RECIPE: Beignets with Lavender Sugar and Apricot Sauce

Dear Révolutionnaires, you have voted, and the winner of French Revolution’s July poll is…

cajun/creole cuisine!

Although I spent a good part of my life growing up in Florida, where you can buy Jambalaya rice for a matter of dimes in the “rice and beans” aisle of the local Publix, I never tasted Louisiana cookin’ until I went up North to college at Princeton. My eating club was renowned for being full of Southerners, for Princeton is touted as the Ivy of the South, and on one illustrious and memorable evening, we held our annual formal “Gatsby Night” to celebrate our most illustrious alumnus: F. Scott Fitzgerald. In the corner I saw a big and boisterous man, black as the night that hung down all around us in the bannistered old courtyard, with a smile bright as the white stars that were just a few of our many lanterns, standing and attempting to spoon chunks of deep-fried something on to the hungry plates of the pearl-and-pin-stripe-clad guests. They fled, so I walked over to him, and asked him what lay beneath the crispy golden coat: “buttermilk-battered, cornmeal-crusted alligator!” he bellowed.

Mon Dieu! “Alligator!” I cried incredulously, “why, I have those in my backyard!” Now this got him excited, because he could see we came from the same place (or rather, from within a few inches of each other on a standard classroom map). Very few things unite those of the Deep South more than the universal hatred of the alligator—on the Florida highway Alligator Alley, it is considered (an illegal) sport to transport any alligator that crosses the road to kingdom come as quickly as possible with a dreaded squash of your tires. “What does it taste like?” I prodded. At this he laughed. “Just like chicken!”

I piled a few alligator fritters onto my plate, breathed deeply, and took a bite. Now, I, in my flapper finest, was the one covered in feathers, but I have to admit, it tasted, vraiment comme le poulet—like a much crisper and moister white meat chicken McNugget.

In fact, chicken McNuggets were my “last meal” before Hurricane Katrina, in Round 1 of her fury, passed over my ocean-side Florida home. Seeing as how I would be eating nothing that didn’t come from a can for at least a few days, I tried to make that drive-through meal on the way to the shelter memorable. And, of course, seeing as how it was Katrina and how McNuggets remind me so terribly much of deep-fried alligator, I never did forget.

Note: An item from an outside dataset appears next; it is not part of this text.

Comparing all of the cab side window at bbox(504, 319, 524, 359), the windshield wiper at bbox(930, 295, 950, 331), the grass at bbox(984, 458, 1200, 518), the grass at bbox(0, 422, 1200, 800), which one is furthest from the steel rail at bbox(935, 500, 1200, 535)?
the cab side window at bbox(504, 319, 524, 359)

And in a way, Creole and Cajun cuisine is a form of living memory. Truth be told Cajun and Creole are two different things; Cajun derives from the word Acadian, describing the refugees who fled New France (Canada) and settled in Louisiana. Creole describes a person of Louisiana descent prior to the Louisiana purchase. However, these days, the two have become so confused and intermarried, that I use them to describe Louisiana cuisine in general. When the Acadians left Canada, they brought their inveterate taste and knowledge of French cuisine to the swamps of the Deep South, where they were forced, as poor, large families, to “make do.” Thus, the mire poix of French cuisine (onions, celery, carrot) became the “Trinity” (onions, celery, bell pepper). Roux was used to cook crawfish and, potentially, the woebegone alligator. The cuisine came to envelop every inhabitant of the region, as Native American sassafras and African okra became staples of the local “French” cuisine.

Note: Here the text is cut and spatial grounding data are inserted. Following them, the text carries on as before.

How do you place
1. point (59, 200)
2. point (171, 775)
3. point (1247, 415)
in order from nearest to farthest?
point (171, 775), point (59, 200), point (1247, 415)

Louisiana SwampSo now, as Emeril Lagasse has told us, we have Louisiana to thank for such “kicked up” foodstuffs as fiery andouille sausage and impertinently hot gumbo. If you can believe it, I have never, ever been to New Orleans, a city I’ve wanted to go to all my life. But I am travelling to the Big Easy in the middle of September, and I know precisely where I am going to pay my first visit: Café du Monde, the coffee shop famous for its fluffy, geometric beignets.

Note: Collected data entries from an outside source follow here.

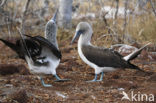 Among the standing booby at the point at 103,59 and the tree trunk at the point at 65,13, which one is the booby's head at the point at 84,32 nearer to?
the standing booby at the point at 103,59

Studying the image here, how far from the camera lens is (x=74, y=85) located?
4.35 meters

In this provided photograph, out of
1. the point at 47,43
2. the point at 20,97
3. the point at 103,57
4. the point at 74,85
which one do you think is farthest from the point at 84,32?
the point at 20,97

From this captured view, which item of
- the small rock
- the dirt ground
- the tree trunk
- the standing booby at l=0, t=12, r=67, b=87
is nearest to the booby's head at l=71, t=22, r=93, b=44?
the dirt ground

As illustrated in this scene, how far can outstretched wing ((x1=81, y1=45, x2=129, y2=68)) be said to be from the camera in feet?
15.2

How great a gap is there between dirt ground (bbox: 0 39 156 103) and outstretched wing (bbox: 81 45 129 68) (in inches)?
9.6

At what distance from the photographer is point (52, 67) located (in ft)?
14.2

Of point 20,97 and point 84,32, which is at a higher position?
point 84,32

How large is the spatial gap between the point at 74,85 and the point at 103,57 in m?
0.69

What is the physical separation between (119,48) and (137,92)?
2.82m

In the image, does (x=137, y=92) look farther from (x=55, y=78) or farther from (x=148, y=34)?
(x=148, y=34)

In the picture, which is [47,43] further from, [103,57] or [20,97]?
[103,57]

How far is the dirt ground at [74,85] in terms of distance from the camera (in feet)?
12.0

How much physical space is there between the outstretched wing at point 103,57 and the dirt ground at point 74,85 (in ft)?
0.80

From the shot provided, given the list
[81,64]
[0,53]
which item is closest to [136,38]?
[81,64]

Beignets are French doughnuts—could anything be better!? The Acadians brought the recipe down with them, and they became a staple of Louisiana cuisine, a staple so famous that Café du Monde sells its beignet batter online. So for this month’s special poll recipe, I am going to share with you a very French version of this Louisiana classic: Beignets with Lavender Sugar and Apricot Sauce.

Cafe du Monde ImageIn my family, we take apple slices, dip them in beignet batter, and fry them up for French apple donuts. You could do that, of course, but why bother with fruit when you are being so positively decadent in every other respect? Balls of choux pastry are deep fried until the beignets are crisp and golden on the outside, and creamy and airy on the inside. Then I roll them in sugar studded with lavender blossoms, and dip them in apricot jam, melted down into a hot and smothering sauce. The flavors are big, and the recipe is easy—chapeau to New Orleans.

It’s time to kick it up a notch, with this throwback to French colonial cuisine. See you later, alligator!

After a while, gumbo filé…

BON APP!

Apricot Lavender Beignets

Apricot Lavender Beignets

Make sure to vote in this month’s French Revolution poll…
Cut It Out: How Do You Like Your French Fries?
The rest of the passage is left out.